▼

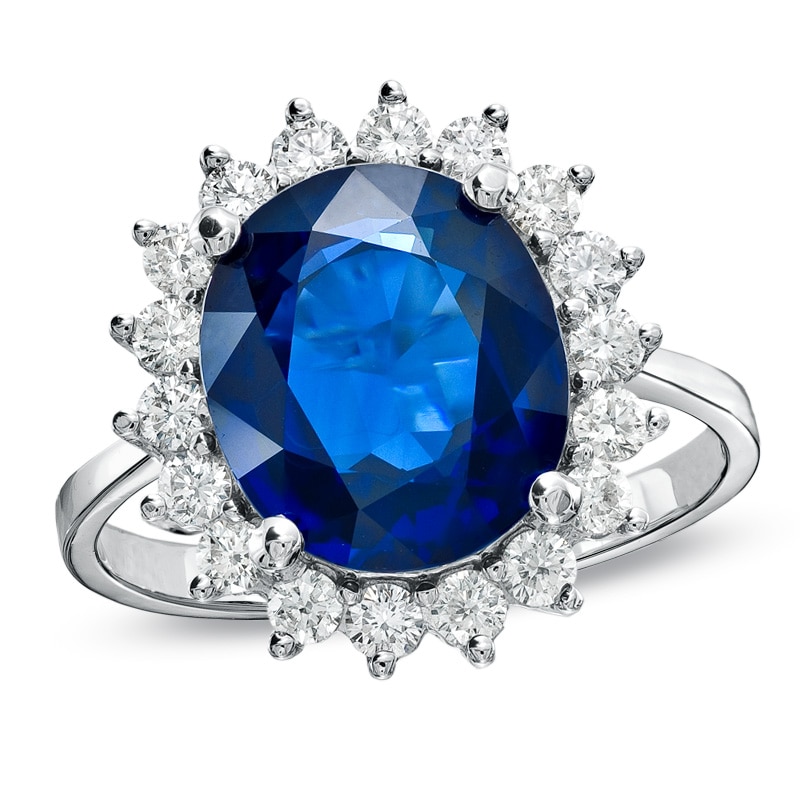 Oval Blue Sapphire and 5/8 CT. T.W. Diamond Frame Engagement Ring in 14K White Gold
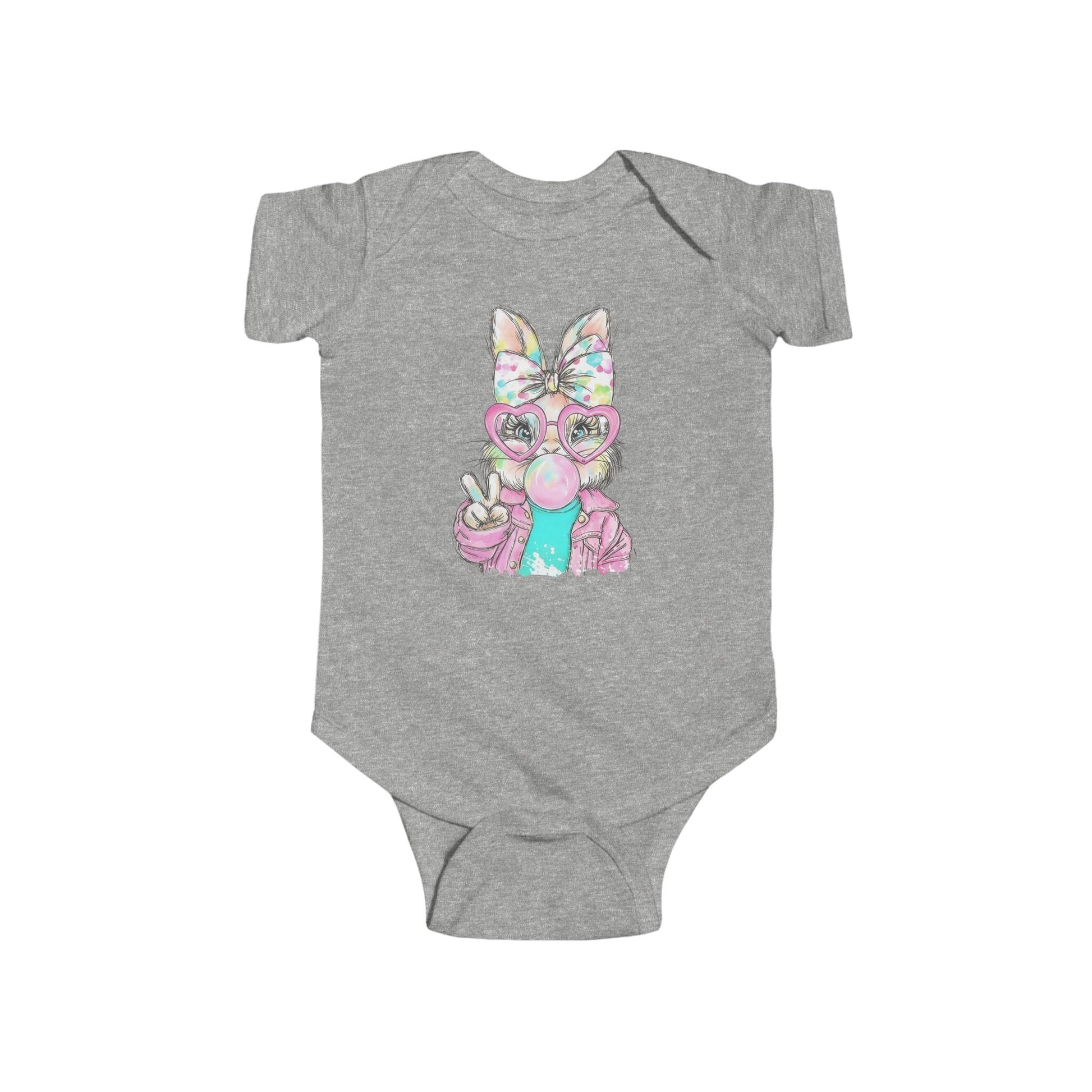 Gray baby onesie with text on a white background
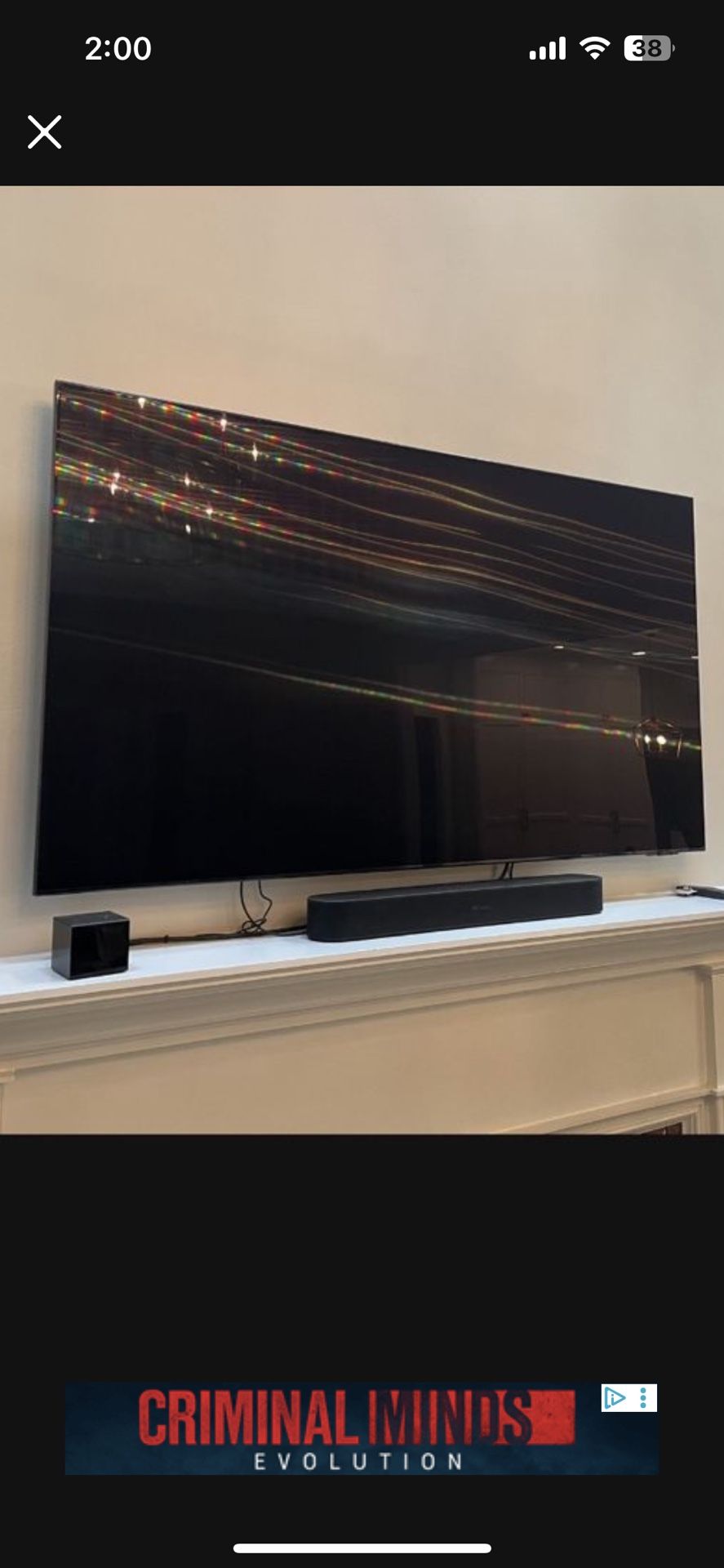 65” Samsung Mini LED TV 120hz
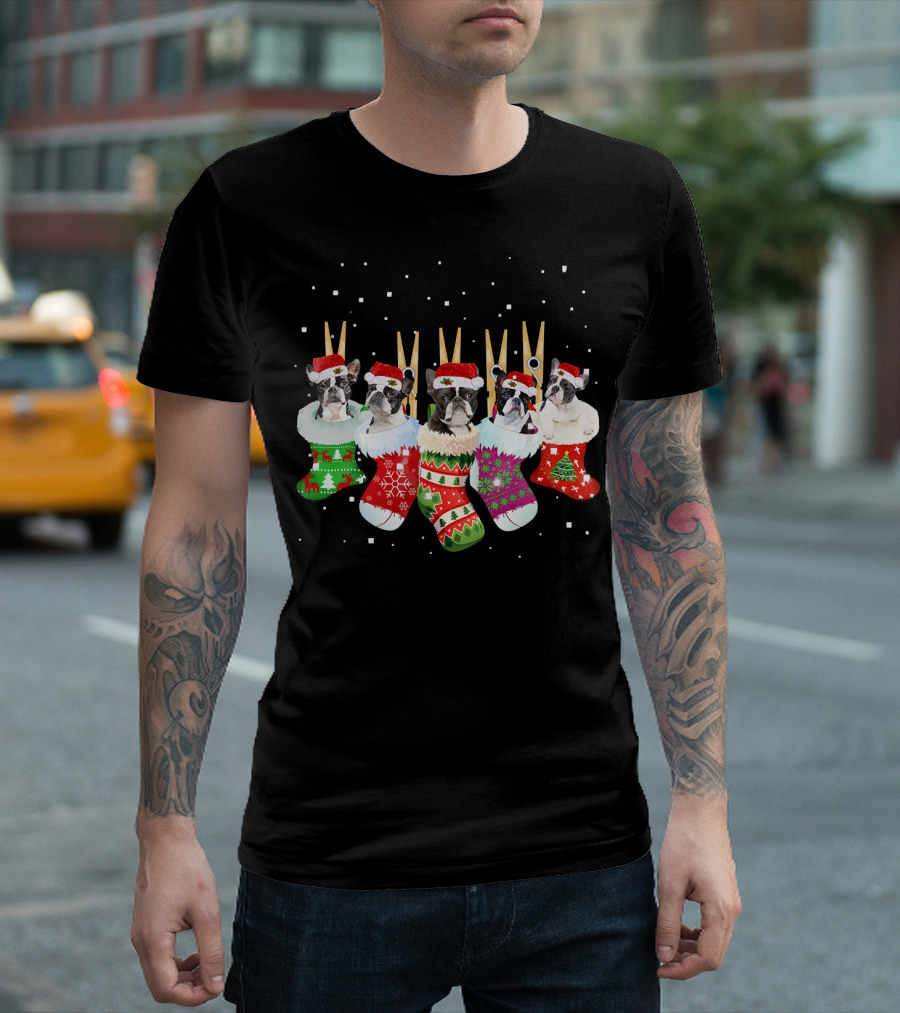 Christmas Boston Terrier Santa Hat Stockings T-Shirt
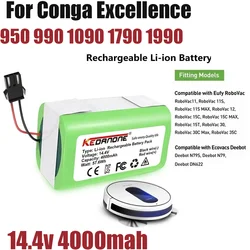 Batería conga 1090 990 950 cocotec 14.4v 4.0ah li-ion bateria para ecovacs deebot dn621 601/605 eufy robovac 35c panda i7 v710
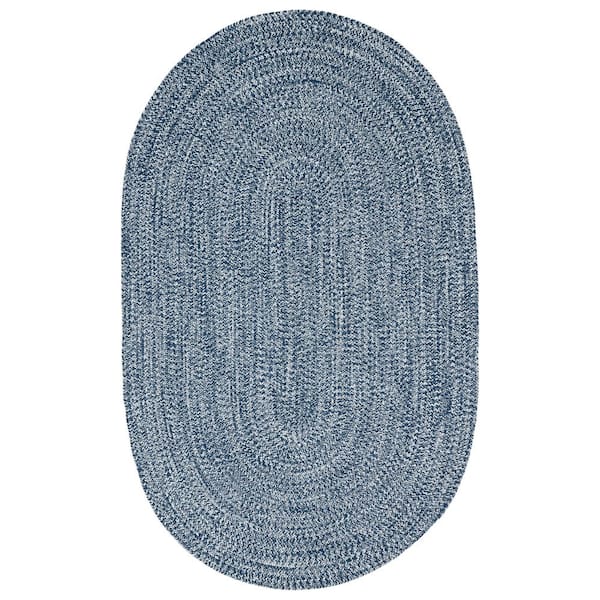 SUPERIOR Braided Denim Blue-White 3 ft. x 5 ft. Reversible Transitional Polypropylene Indoor/Outdoor Area Rug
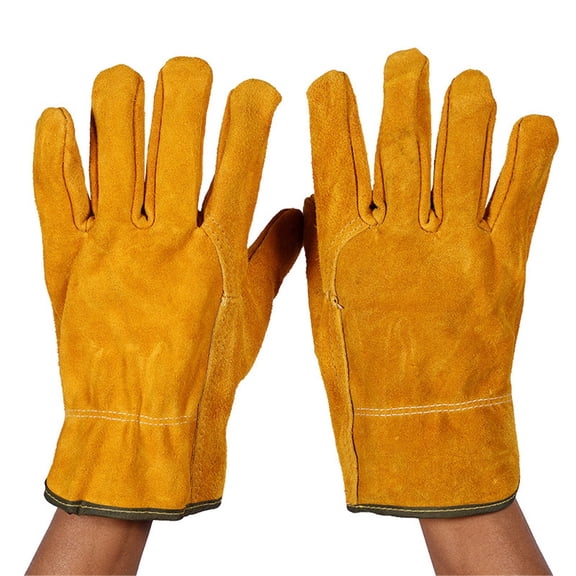 Welding Gloves for Men Heat Resistant Leather Work Gloves Sturdy Industrial Protective Gear for Outdoor Welding Tasks One Pair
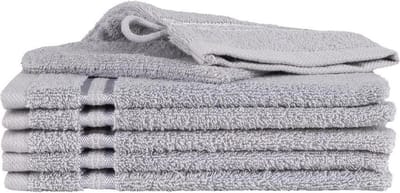 Homéé washandjes Ruche grijs 16x24cm  gekamde katoen 550g. m² 6 stuks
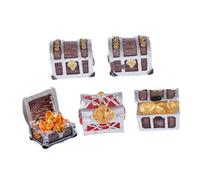 SEWOART Lot de 5 Boîtes à Trésors D'aquarium Décoratives en Résine, Mini Coffres au Trésor, Ornement pour Paysage D'aquarium, Décoration Immersive pour Aquarium, Style Aléatoire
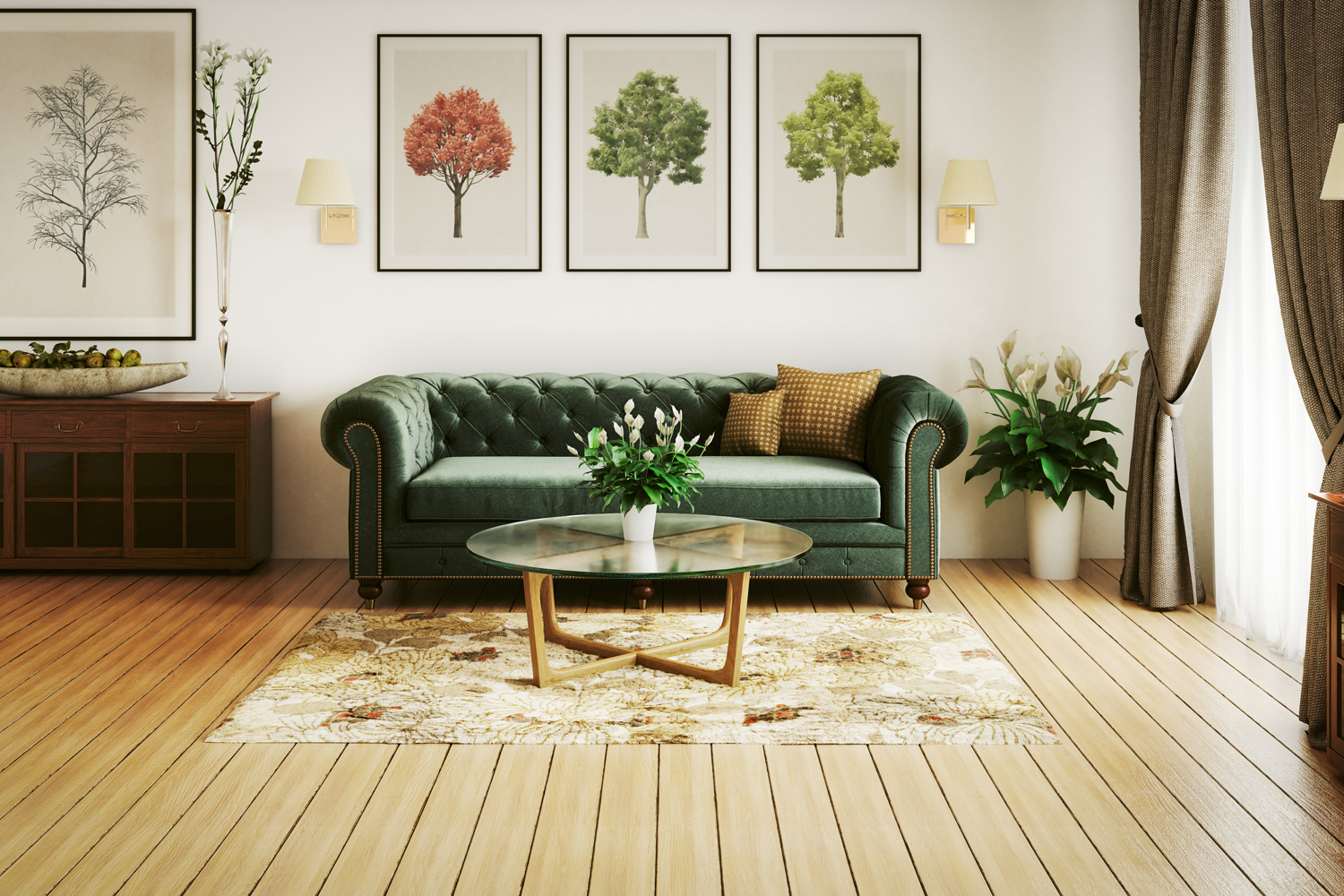 Digitally generated luxurious and stylish home interior (living room) with high-quality furniture and props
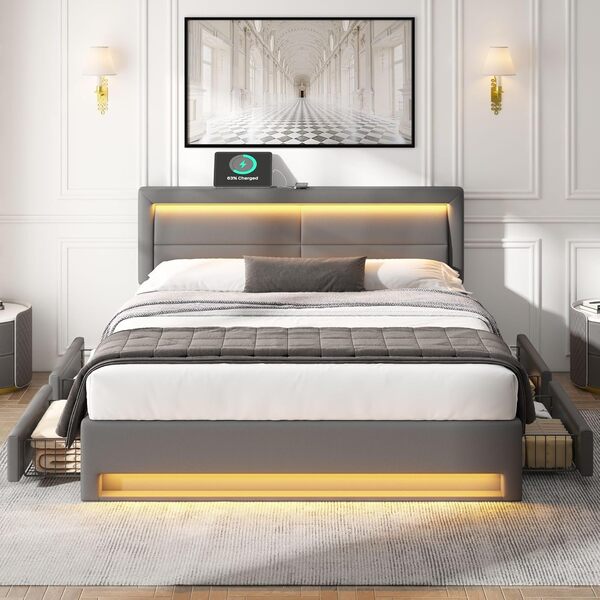 Lit 140 x 190 avec Sommier LED et USB, Coffre 4 Tiroirs, Tête de Lit, Double à Lattes 2 Personnes, Rembourré Cadre (Sans Matelas)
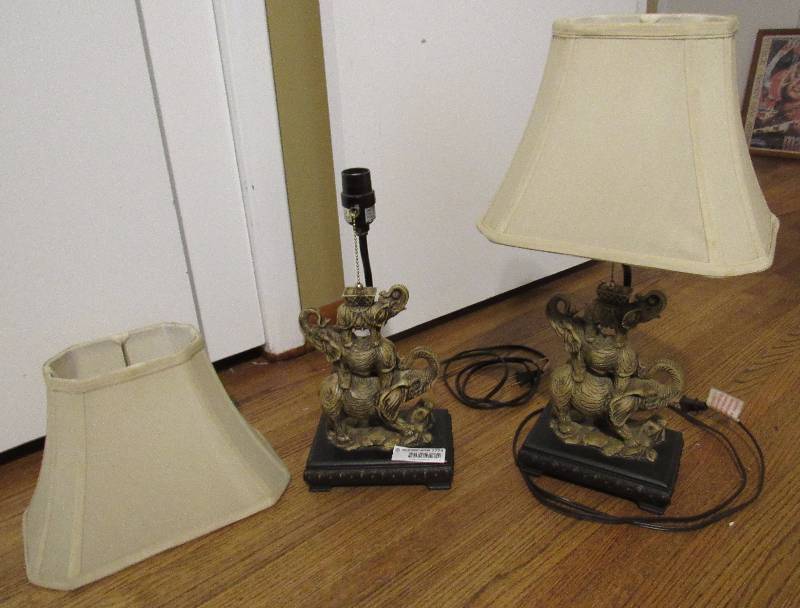 lot 7774 image: Set of two matching Elephant Lamps with shades - Very unique Great home dcor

▲

→ **Task to complete**
Give back the material exactly as written, images excluded.

→ **Reply to the exercise**
 Oval Blue Sapphire and 5/8 CT. T.W. Diamond Frame Engagement Ring in 14K White Gold
 Gray baby onesie with text on a white background
 65” Samsung Mini LED TV 120hz
 Christmas Boston Terrier Santa Hat Stockings T-Shirt
 Batería conga 1090 990 950 cocotec 14.4v 4.0ah li-ion bateria para ecovacs deebot dn621 601/605 eufy robovac 35c panda i7 v710
 SUPERIOR Braided Denim Blue-White 3 ft. x 5 ft. Reversible Transitional Polypropylene Indoor/Outdoor Area Rug
 Welding Gloves for Men Heat Resistant Leather Work Gloves Sturdy Industrial Protective Gear for Outdoor Welding Tasks One Pair
 Homéé washandjes Ruche grijs 16x24cm  gekamde katoen 550g. m² 6 stuks
 SEWOART Lot de 5 Boîtes à Trésors D'aquarium Décoratives en Résine, Mini Coffres au Trésor, Ornement pour Paysage D'aquarium, Décoration Immersive pour Aquarium, Style Aléatoire
 Digitally generated luxurious and stylish home interior (living room) with high-quality furniture and props
 Lit 140 x 190 avec Sommier LED et USB, Coffre 4 Tiroirs, Tête de Lit, Double à Lattes 2 Personnes, Rembourré Cadre (Sans Matelas)
 lot 7774 image: Set of two matching Elephant Lamps with shades - Very unique Great home dcor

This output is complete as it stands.